All the Single [Straight] Ladies

You know that feeling when you like the initial idea of something and then it’s execution is so terribly offensive (but arguably well meant) that you can no longer support the idea? Subsequently, the terrible execution makes the mere mention of the idea irritating to no end. For me, Kate Bolick’s recently published piece, “All the Single Ladies” in the The Atlantic is a perfect example of that feeling. 

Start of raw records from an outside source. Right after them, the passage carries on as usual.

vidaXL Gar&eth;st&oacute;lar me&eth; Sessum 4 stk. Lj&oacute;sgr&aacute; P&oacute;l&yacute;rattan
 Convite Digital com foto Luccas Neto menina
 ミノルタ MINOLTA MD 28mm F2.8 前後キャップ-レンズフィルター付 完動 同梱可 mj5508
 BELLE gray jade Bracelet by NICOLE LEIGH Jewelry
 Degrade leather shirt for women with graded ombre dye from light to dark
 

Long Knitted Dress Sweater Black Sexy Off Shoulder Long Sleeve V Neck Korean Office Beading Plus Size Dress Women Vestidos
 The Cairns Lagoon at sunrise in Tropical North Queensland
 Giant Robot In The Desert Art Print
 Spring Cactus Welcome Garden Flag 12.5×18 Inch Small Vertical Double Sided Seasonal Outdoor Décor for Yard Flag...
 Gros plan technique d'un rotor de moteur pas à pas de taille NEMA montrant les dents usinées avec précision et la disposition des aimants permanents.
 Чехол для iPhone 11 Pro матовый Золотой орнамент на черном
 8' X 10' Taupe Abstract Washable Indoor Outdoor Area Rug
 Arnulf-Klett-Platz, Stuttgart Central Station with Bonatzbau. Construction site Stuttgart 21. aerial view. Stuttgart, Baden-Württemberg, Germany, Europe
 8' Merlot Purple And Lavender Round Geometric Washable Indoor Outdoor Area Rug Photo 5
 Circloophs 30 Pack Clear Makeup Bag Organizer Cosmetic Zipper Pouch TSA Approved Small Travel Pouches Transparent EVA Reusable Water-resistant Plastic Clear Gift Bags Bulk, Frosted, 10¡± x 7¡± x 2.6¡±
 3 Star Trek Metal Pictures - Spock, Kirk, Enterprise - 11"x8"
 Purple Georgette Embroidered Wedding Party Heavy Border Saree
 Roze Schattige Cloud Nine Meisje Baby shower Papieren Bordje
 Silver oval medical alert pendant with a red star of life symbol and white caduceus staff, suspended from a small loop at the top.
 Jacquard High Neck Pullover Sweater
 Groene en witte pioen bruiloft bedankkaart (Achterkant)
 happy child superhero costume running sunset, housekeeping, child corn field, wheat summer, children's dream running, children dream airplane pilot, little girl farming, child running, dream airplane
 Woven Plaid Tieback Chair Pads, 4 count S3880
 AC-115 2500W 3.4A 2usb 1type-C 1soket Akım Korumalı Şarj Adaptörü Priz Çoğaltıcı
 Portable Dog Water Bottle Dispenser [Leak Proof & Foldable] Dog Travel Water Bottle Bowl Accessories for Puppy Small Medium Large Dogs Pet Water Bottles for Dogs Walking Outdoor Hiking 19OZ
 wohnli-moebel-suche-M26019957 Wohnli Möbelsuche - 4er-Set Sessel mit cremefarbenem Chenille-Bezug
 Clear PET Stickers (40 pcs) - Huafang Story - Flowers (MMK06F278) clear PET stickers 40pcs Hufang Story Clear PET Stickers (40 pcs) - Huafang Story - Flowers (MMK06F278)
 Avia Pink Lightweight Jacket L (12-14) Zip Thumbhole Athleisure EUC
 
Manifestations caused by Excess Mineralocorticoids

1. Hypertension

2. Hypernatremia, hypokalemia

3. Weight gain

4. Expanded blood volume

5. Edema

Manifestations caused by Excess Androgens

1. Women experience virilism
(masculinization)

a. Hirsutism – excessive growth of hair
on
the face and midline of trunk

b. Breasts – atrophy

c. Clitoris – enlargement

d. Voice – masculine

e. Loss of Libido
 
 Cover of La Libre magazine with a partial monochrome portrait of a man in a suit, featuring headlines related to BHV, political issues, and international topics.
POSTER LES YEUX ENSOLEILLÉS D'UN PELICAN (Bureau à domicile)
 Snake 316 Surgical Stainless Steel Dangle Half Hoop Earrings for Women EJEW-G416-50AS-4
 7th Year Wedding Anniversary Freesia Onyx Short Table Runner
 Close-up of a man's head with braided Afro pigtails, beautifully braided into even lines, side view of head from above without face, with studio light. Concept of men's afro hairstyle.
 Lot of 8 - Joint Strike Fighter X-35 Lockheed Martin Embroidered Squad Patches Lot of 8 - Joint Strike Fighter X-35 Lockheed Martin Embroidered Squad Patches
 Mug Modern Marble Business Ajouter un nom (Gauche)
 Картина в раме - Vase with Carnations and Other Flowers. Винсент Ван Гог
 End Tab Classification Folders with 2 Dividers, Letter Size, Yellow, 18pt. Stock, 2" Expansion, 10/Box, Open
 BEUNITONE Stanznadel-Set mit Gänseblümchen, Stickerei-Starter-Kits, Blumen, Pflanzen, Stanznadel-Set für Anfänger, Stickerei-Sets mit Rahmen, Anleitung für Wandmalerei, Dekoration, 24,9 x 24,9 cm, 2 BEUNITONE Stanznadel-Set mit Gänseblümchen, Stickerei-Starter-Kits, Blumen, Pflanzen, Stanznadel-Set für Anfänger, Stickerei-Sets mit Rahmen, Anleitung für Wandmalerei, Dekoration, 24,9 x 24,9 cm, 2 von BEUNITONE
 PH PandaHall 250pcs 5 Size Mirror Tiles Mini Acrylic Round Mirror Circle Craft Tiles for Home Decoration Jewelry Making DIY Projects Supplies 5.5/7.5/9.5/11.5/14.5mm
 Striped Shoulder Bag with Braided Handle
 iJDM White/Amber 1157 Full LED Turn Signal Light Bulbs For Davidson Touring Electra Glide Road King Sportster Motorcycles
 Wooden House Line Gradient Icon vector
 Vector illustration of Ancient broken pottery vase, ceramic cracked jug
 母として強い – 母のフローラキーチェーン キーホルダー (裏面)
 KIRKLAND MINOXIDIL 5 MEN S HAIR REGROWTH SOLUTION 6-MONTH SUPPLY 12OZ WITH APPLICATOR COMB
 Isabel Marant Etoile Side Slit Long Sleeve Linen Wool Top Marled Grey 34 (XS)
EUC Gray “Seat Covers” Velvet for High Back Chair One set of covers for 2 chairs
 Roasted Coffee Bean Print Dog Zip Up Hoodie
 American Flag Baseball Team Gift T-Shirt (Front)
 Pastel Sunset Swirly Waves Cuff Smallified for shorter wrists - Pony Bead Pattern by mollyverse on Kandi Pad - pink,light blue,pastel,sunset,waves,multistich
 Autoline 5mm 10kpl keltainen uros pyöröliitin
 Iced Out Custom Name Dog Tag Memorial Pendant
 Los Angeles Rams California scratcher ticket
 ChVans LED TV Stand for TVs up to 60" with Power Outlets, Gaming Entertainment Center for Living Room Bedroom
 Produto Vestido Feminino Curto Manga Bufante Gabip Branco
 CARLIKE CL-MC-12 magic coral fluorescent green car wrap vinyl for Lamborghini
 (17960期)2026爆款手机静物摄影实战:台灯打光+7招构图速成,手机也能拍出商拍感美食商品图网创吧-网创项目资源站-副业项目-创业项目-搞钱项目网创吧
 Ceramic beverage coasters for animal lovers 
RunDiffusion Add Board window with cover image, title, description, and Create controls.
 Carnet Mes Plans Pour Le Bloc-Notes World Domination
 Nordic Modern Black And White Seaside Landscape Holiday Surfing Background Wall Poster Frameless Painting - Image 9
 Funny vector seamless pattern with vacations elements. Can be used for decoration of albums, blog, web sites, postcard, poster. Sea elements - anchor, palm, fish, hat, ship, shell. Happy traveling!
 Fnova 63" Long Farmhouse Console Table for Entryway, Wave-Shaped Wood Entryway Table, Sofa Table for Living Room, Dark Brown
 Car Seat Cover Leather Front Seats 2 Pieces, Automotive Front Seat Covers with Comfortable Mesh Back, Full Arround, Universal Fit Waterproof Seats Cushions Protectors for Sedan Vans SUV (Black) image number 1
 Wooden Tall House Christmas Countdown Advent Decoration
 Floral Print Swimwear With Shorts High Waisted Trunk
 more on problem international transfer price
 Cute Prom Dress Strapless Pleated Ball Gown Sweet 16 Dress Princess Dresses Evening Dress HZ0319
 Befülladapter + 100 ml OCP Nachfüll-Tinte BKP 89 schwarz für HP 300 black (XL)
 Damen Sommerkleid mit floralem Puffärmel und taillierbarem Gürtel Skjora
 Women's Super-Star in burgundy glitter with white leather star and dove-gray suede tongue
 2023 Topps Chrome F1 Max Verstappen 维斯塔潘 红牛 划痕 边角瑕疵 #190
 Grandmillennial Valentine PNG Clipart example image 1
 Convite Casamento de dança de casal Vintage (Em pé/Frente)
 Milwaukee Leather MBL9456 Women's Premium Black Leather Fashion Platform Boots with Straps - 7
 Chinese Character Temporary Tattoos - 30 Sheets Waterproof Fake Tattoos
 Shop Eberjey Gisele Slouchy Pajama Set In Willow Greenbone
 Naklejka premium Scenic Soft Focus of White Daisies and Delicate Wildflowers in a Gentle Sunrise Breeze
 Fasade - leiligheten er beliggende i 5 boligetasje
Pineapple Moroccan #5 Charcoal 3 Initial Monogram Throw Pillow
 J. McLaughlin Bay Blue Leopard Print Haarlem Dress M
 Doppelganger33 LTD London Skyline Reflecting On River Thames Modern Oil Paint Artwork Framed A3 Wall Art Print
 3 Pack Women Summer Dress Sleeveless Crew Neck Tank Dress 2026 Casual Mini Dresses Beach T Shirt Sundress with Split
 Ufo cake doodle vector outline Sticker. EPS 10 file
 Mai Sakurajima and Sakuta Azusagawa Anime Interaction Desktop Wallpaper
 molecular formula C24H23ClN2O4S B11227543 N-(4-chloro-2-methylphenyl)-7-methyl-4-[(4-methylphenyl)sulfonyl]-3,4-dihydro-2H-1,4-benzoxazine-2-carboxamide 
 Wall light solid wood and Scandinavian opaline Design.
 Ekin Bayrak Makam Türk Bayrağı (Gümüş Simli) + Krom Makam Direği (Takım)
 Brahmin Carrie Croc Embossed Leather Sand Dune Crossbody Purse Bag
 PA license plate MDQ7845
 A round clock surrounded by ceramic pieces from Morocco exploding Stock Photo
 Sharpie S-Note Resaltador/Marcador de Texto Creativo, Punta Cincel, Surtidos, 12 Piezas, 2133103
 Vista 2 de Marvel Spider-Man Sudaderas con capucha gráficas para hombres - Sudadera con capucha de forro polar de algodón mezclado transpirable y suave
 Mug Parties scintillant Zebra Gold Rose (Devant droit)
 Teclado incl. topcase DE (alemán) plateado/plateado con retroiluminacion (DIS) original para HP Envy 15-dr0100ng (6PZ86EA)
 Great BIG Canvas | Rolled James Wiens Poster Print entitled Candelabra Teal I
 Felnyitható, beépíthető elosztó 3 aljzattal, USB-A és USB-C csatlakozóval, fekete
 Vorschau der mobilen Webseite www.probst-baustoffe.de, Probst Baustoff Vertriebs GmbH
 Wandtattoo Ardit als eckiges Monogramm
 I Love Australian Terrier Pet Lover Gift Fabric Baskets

The article starts off with an interesting premise: what are the socio-cultural and economic reasons undergirding the trend of single females? A larger philosophical question about what it means to be single as a woman has the potential be a really interesting, insightful and engaging piece, even if the author’s arguments are not points I agree with. Needless to say I read this article excitedly with the aforementioned hope in mind. What I ended up reading was, frankly, five webpages of a relatively privileged heterosexual white woman bemoaning the state of her love life, looking to the blacks and the dutch for an explanation (or solace?) for her singledom. I won’t spend too much time discussing how racially insensitive Bolick’s discussion of single females in the African American community was, as others no doubt have already done so - a former graduate school classmate of mine, Ali, has a nice post about this article. I did, however, find this particular passage horrifying:

But the non-committers are out there in growing force. If dating and mating is in fact a marketplace—and of course it is—today we’re contending with a new “dating gap,” where marriage-minded women are increasingly confronted with either deadbeats or players. For evidence, we don’t need to look to the past, or abroad—we have two examples right in front of us: the African American community, and the college campus…Given the crisis in gender it has suffered through for the past half century, the African American population might as well be a separate nation. [emphasis mine]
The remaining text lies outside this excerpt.